College of Information Engineering, Nanjing University of Finance and Economics, Nanjing 210023, China.
College of Economics and Management, Nanjing Agricultural University, Nanjing 210095, China.
Neural Netw. 2024 Jan;169:597-606. doi: 10.1016/j.neunet.2023.10.037. Epub 2023 Nov 2.
In this research paper, we aim to investigate and address the limitations of recursive feature elimination (RFE) and its variants in high-dimensional feature selection tasks. We identify two main challenges associated with these methods. Firstly, the feature ranking criterion utilized in these approaches is inconsistent with the maximum-margin theory. Secondly, the computation of the criterion is performed locally, lacking the ability to measure the importance of features globally. To overcome these challenges, we propose a novel feature ranking criterion called Maximum Margin and Global (MMG) criterion. This criterion utilizes the classification margin to determine the importance of features and computes it globally, enabling a more accurate assessment of feature importance. Moreover, we introduce an optimal feature subset evaluation algorithm that leverages the MMG criterion to determine the best subset of features. To enhance the efficiency of the proposed algorithms, we provide two alpha seeding strategies that significantly reduce computational costs while maintaining high accuracy. These strategies offer a practical means to expedite the feature selection process. Through extensive experiments conducted on ten benchmark datasets, we demonstrate that our proposed algorithms outperform current state-of-the-art methods. Additionally, the alpha seeding strategies yield significant speedups, further enhancing the efficiency of the feature selection process.

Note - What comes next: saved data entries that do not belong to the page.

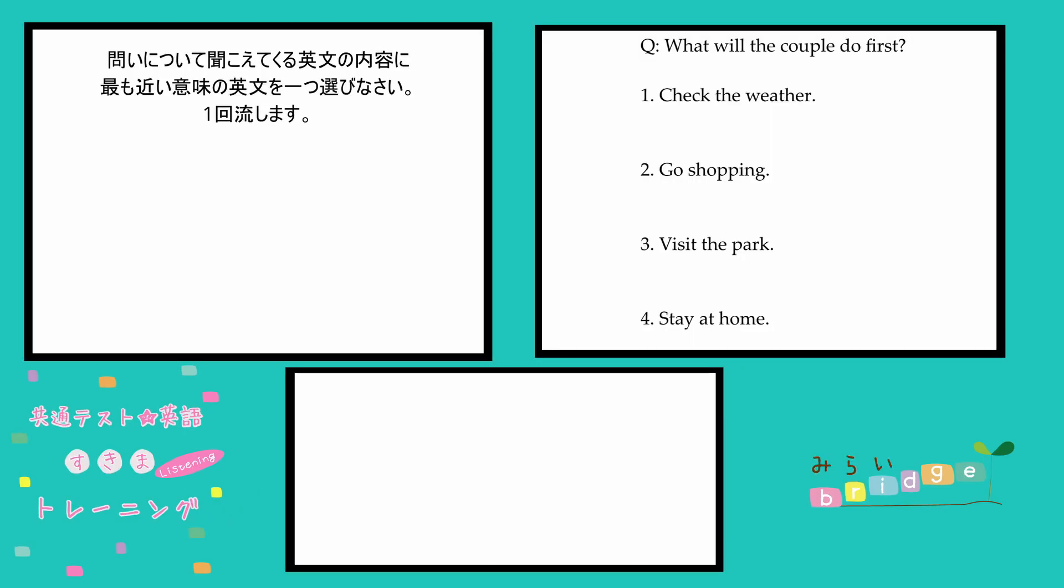We were going to go shopping today, but would you rather visit the park instead? You're right. We should take advantage of the weather while the sun is shining. Okay. So how about we go there first and visit the shops after? No. I think the other way around will be best.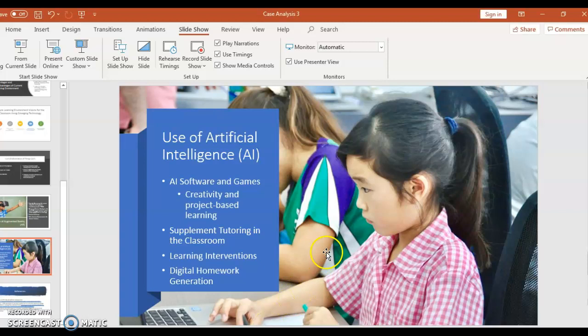The last area is the use of artificial intelligence. Through software and games, AI can enhance creativity and project-based learning. It can also serve as a supplemental tutoring device in the classroom when students need on-the-go intervention or refocusing of their engagement — since some students struggle with whole-group instruction. AI can also be used to generate personalized homework and problems that are specific to each student.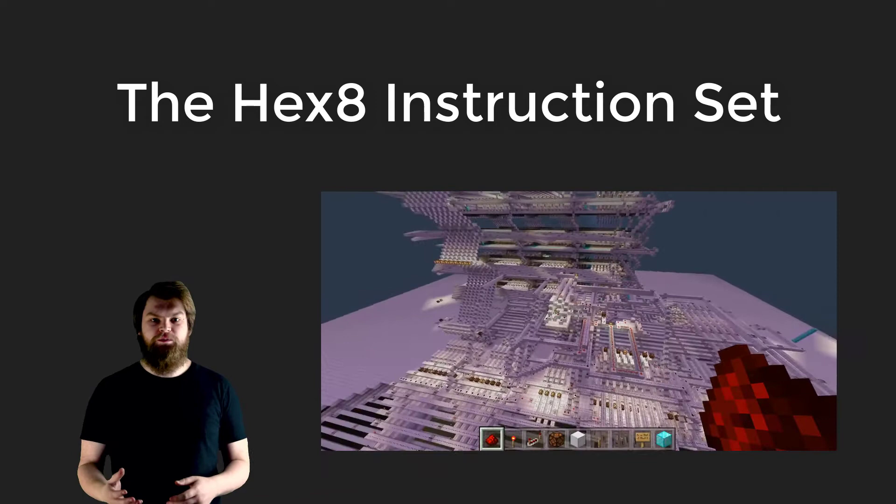In this video we're going to look at the simple instruction set that we use to build the Hex8 machine in Minecraft. We'll review the instructions and see how they're implemented. In the second video we'll look at some simple programs to get a better understanding of why we have certain instructions and not others.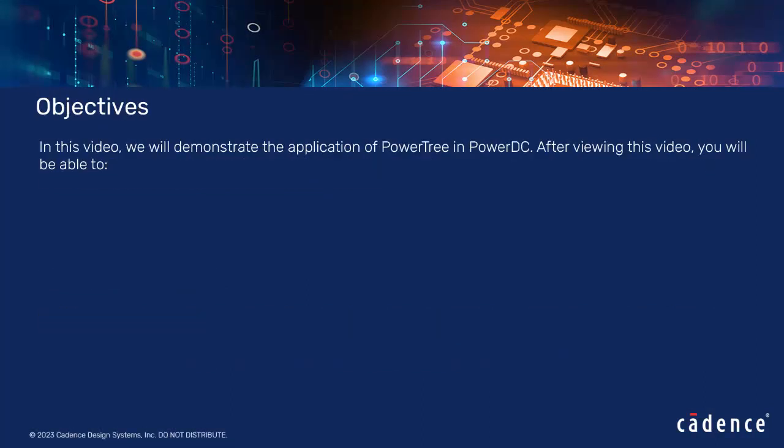In this video, we will demonstrate the application of PowerTree in PowerDC. After viewing this video, you will be able to load a layout file, load a PowerTree, apply PowerTree in PowerDC.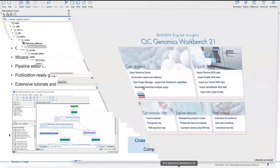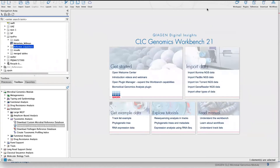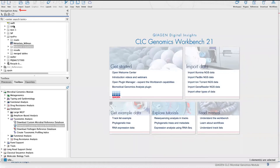Jumping into the workbench for a quick second, I always like to point out a few things before we get started. First and foremost, in the upper left-hand corner we have the navigation area. The navigation area is where we store data — it's a folder system with folders, subfolders, and files within those folders, consistent with the way you'd look through your folder structure in Windows, Linux, or Mac.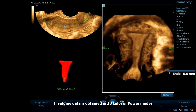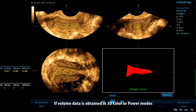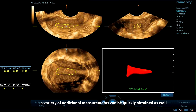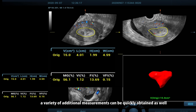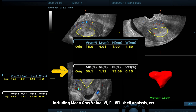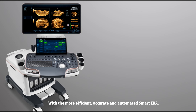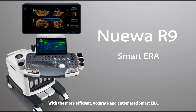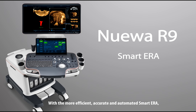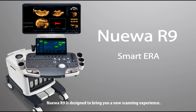If volume data is obtained in 3D color or power modes, a variety of additional measurements can be quickly obtained as well. With the more efficient, accurate and automated SmartAera, NUA R9 is designed to bring you a new scanning experience.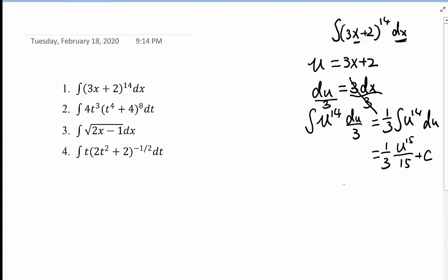This is not your final answer since our function started with x. Now we substitute x back in for U. That gives us (3x + 2)^15 / 15 + C.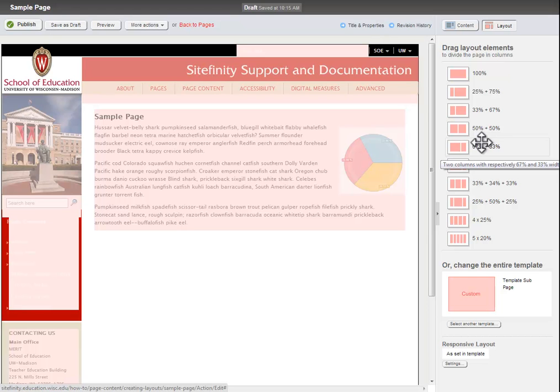Each of these items divides the page in different ways. There are many options, but for this tutorial, I will choose the 50-50 layout, which simply divides the page in half.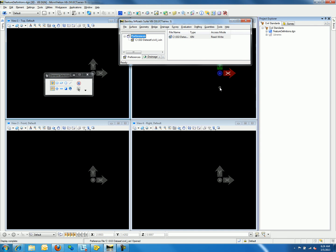Let's take another look at feature definitions. After importing the XIN file into the DGN or the DGN lib, you will see the list of feature definitions in your Project Explorer.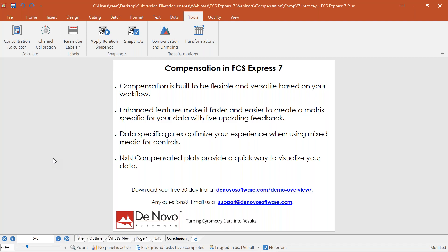Email support@denovosoftware.com with any questions — customer feedback over many years from site licenses, biopharma industry, and users worldwide has driven new features like live updating compensation, the spillover spreading matrix, and the cross-staining index. Thanks for joining the webinar; we'll take a moment to review some questions and hope to see you at our next webinar series.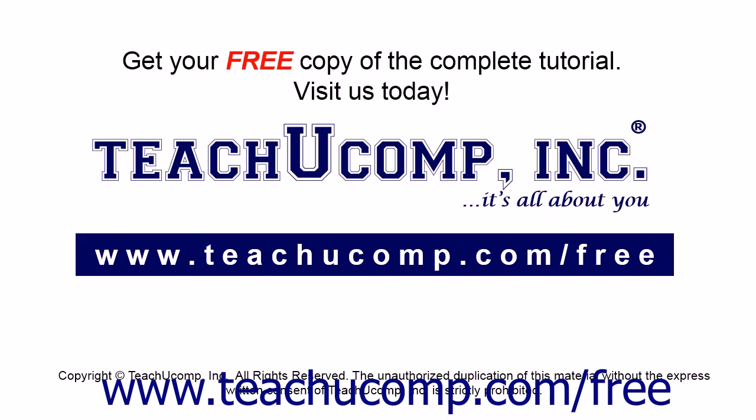Get your free copy of the complete tutorial at www.teachucomp.com/free.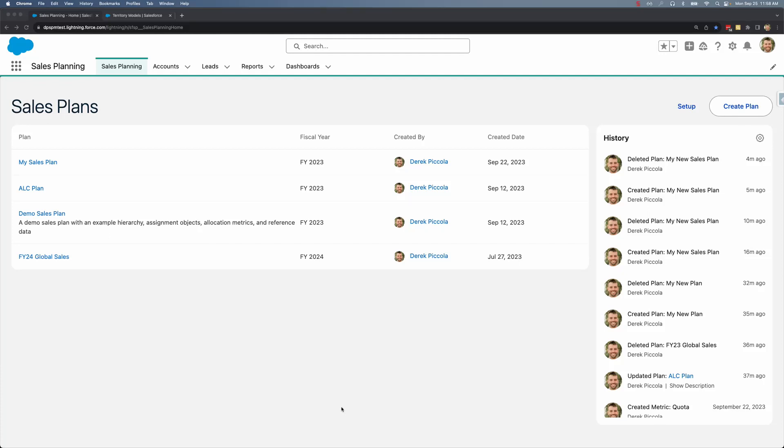Hi everyone! Let's take a look at how we can create a new sales plan using our existing territories in Sales Cloud.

在本研究论文中,我们旨在研究和解决递归特征消除(RFE)及其变体在高维特征选择任务中的局限性。我们确定了与这些方法相关的两个主要挑战。首先,这些方法中使用的特征排序准则与最大间隔理论不一致。其次,准则的计算是局部进行的,缺乏全局测量特征重要性的能力。为了克服这些挑战,我们提出了一种称为最大间隔和全局(MMG)准则的新特征排序准则。该准则利用分类间隔来确定特征的重要性,并全局计算,从而更准确地评估特征的重要性。此外,我们引入了一种最优特征子集评估算法,该算法利用 MMG 准则来确定最佳特征子集。为了提高所提出算法的效率,我们提供了两种 alpha 播种策略,这些策略在保持高精度的同时显著降低了计算成本。这些策略提供了一种实用的方法来加速特征选择过程。通过在十个基准数据集上进行的广泛实验,我们证明了我们提出的算法优于当前最先进的方法。此外,alpha 播种策略大大提高了速度,进一步提高了特征选择过程的效率。